As the subtle charm of the drug stole through his brain, Thurston yielded himself up to the dreams which it induced.

His eyes were fixed on the ivory god. He began to speculate on its history, on the strange things which those amethyst eyes must have seen, on the deeds of blood, the mystic panorama of Eastern life, with its gorgeous colouring, its strange suggestion, which they must have watched unmoved. The phantasmagoria of a hundred worlds began to float, and finally to crystallise, before him.

In his estimation the carving was hundreds upon hundreds of years old. It must certainly have had its orginal abiding place in temple or palace, and of itself formed some part of the gorgeous picture which was rapidly shaping itself in Thurston's imagination.

Thurston's evenings were usually spent in a dream of bliss which was itself a source of deep mental content. He was surprised, on this occasion, to find that contemplation of the ivory god was leading him into a state of unusual unrest.

A strange desire to sit down at his desk—literally at the feet of the god—and write, filled him with strenuous force. It was years since he had ever written anything at night, and the mere thought of doing so now made him almost afraid. But the fear vanished quickly; and he was presently conscious of nothing but that he was shortly going to sit down at his desk. It was as if the ivory god had laid some command upon him. He turned up the flame of his spirit-lamp, heated more water, and mixed himself more of the drug. A little later he found himself laying out paper on his blotting-pad, and examining the nib of a pen. And after a time, as if it had been the most natural thing in the world, he settled himself in his elbow-chair, and after one long, searching look at the ivory god, he dipped his pen in the ink and began to write:

"This is the Story of the Loves and Hates of Men and Women that have long been Dust; the Story of a Day when the Red Earth was Young, and the Gods sat steadfast in their Places; the Story of a Time and Times; and behold it has never been told to Human Ear till Now!"

After that came a long night of work—of work such as Thurston had never before done in his life. It was ten o'clock when he wrote the first words on the top sheet of the pile of manuscript paper which he had laid ready to hand. As each successive hour struck on the silver-voiced clock on the chimney-piece it did but interrupt the gentle scribbling of a rapidly-moving pen.

On Thurston's left hand stood the spirit-lamp, the kettle, the decanter, the glass! now and then he turned to these things and mixed the drug. On his right hand there gradually accumulated a pile of closely-written manuscript. Above him, the amethyst eyes grew purple in the lamplight, the ivory god stared into the gloom beyond the writer's head.

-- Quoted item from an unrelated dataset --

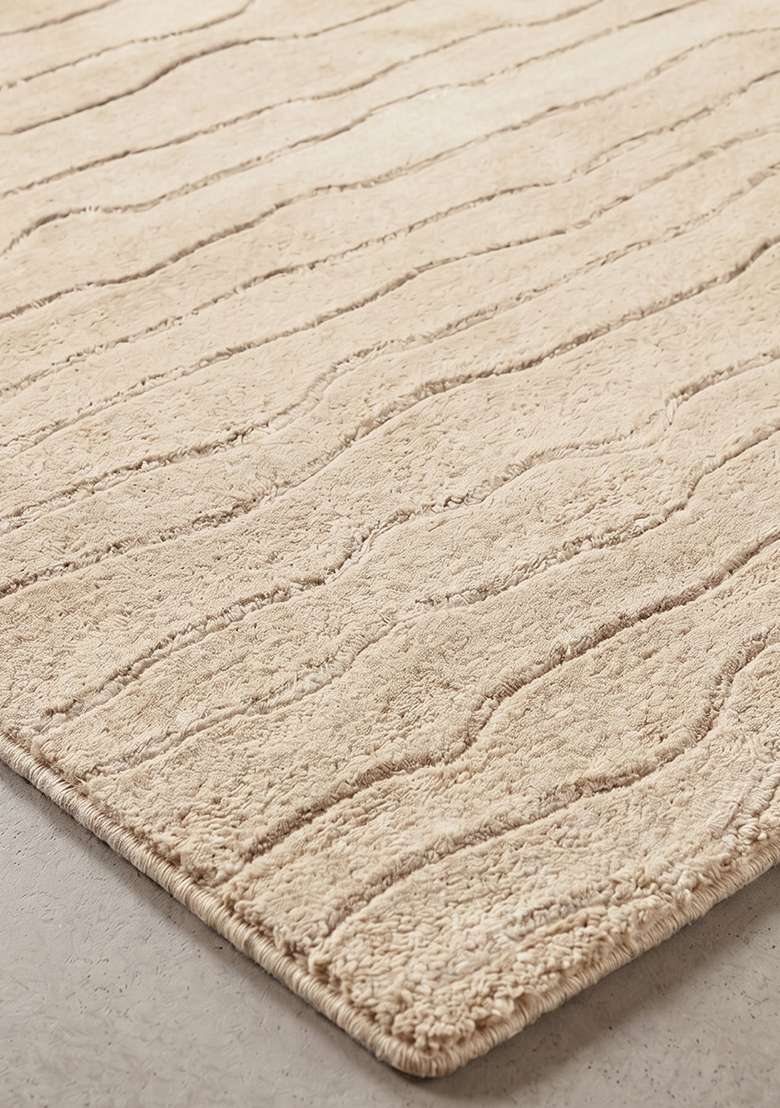 Saffron Rugs Hand-Tufted 100% Wool Area Rug | Cream Rectangular Rug | Cotton Backing | Minimalist Striped Home Decor Carpet for Living Room Bedroom - Indya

The grey light stole through the cracks and crannies of the shutters, and found Thurston still writing. Much later, the old woman who acted as bedmaker and charwoman knocked loudly at the outer door. Thurston shouted to her to go away and leave him alone; and his pen travelled on and on as if it would never stop.

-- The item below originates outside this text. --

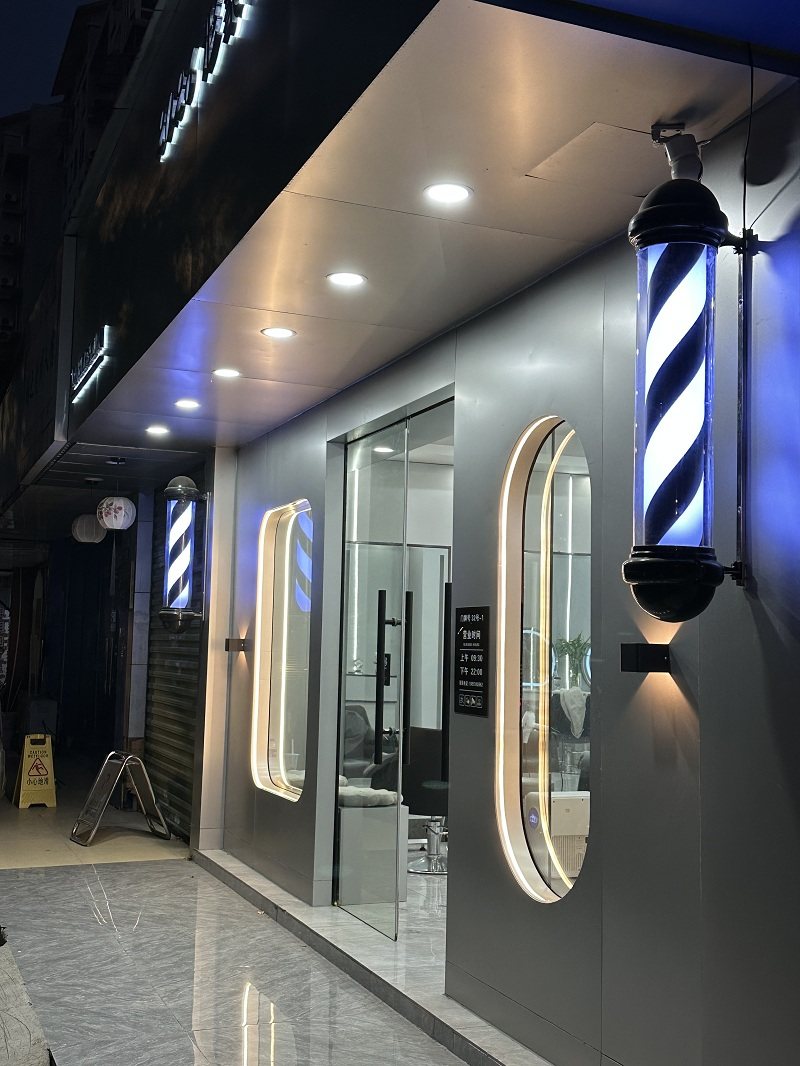 理发转灯发廊led灯带超亮美发店户外挂墙理发店防水挂壁美发灯箱_虎窝淘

It was about three days after this that a famous publisher, with whom Thurston was acquainted in slight fashion, was somewhat astonished to find the latter waiting for him in his private room. He stared at Thurston curiously, noting with the keen eye of a practical man of the world that his visitor wore a strange expression, and seemed to be wrapped in an atmosphere of mystery.

He was shaved and washed, and wore his best garments; but there was a strange pallor on his face, a strange light in his eyes, and his voice was as unnaturally steady as the cold, almost lifeless hand which he placed within the publisher's palm.

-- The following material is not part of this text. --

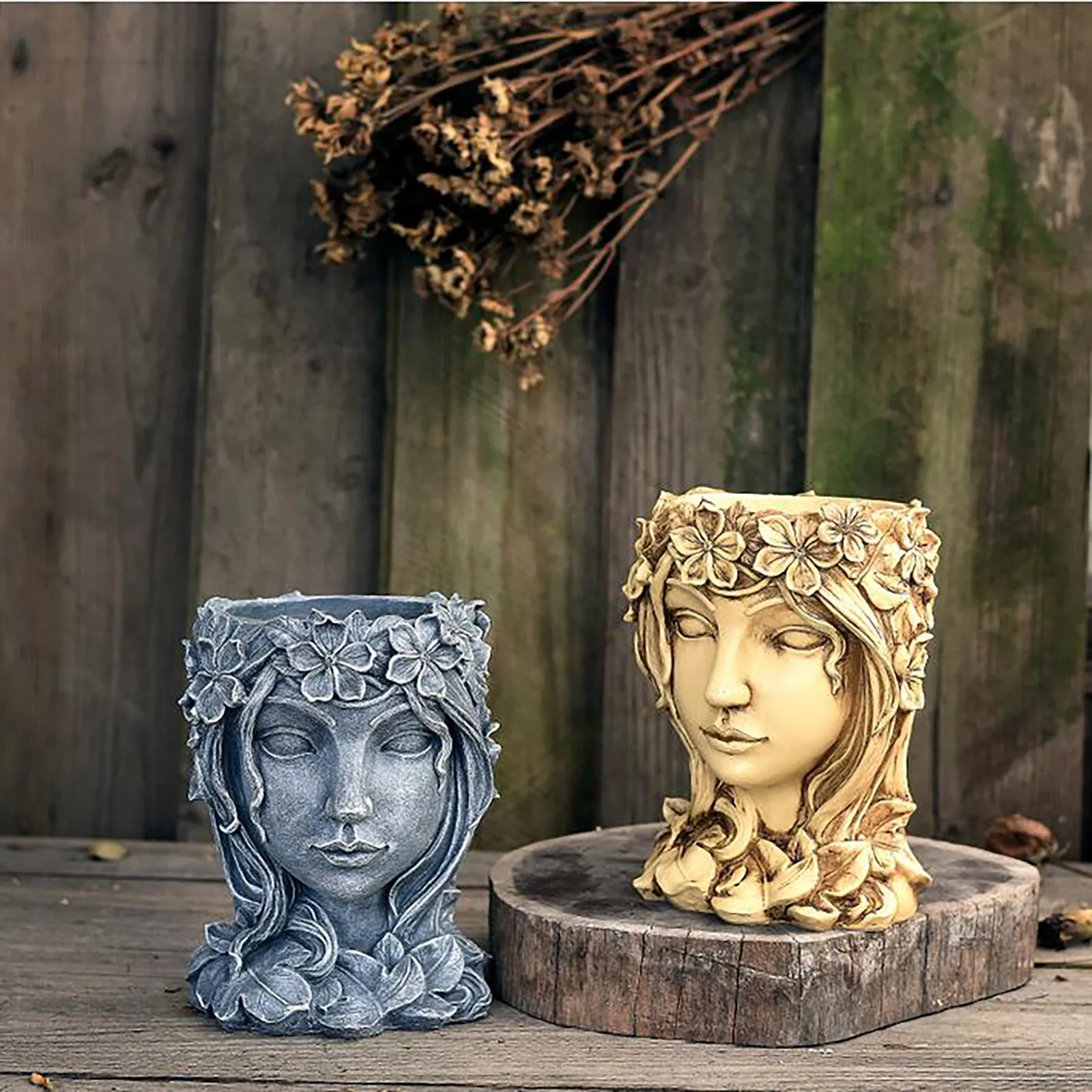 1pcs Greek Flower Head Planter Face Pot Decorative Girl Art Statue Indoor Outdoor Home | Дом и сад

The publisher, who had never been able to understand Thurston's strangeness of manner, reverted to an earlier suspicion, and wondered if his visitor had been drinking; but he failed to perceive either twitch or tremor in face or hand, and his visitor's voice was even and firm to the verge of monotony.

"Some time ago," said Thurston, "you were good enough to suggest to me that I should write a romance of Eastern life. It seemed to you that I possessed the necessary knowledge of the East to attempt such a book."

"Quite so," said the other. "I don't know any man better fitted. You've been working in that direction all your life, haven't you? In fact, it's been a wonder to me that you never thought of the thing yourself."

Thurston produced a parcel of manuscript.

"I have here," he said, "a considerable portion of such a work. There is much that I might say to you about it, but at present I prefer not to say anything. Yes, it is not ordinary work, and I should like some assurance from you that it shall be read for you by some one competent to judge of its merits."

"I'll give it to Flintford to read," said the publisher. "How does his name strike you? He's about the best man I can think of."

"I am quite prepared to accept Mr. Flintford's judgment," replied Thurston. "Indeed, I intended suggesting his name to you. Then I will leave this portion of the manuscript with you?"

"Do," answered the publisher. "I'll send it on to Flintford by special messenger at once, and ask him to read it. About the rest of the book, now——"

"The remaining portion," said Thurston, "will be delivered to you when it is written." And with that and a frigid shaking of the publisher's outstretched hand he went away, walking through the outer office, as one of the clerks said, like a ghost.

The next morning Flintford walked into the publisher's office, looking very much excited.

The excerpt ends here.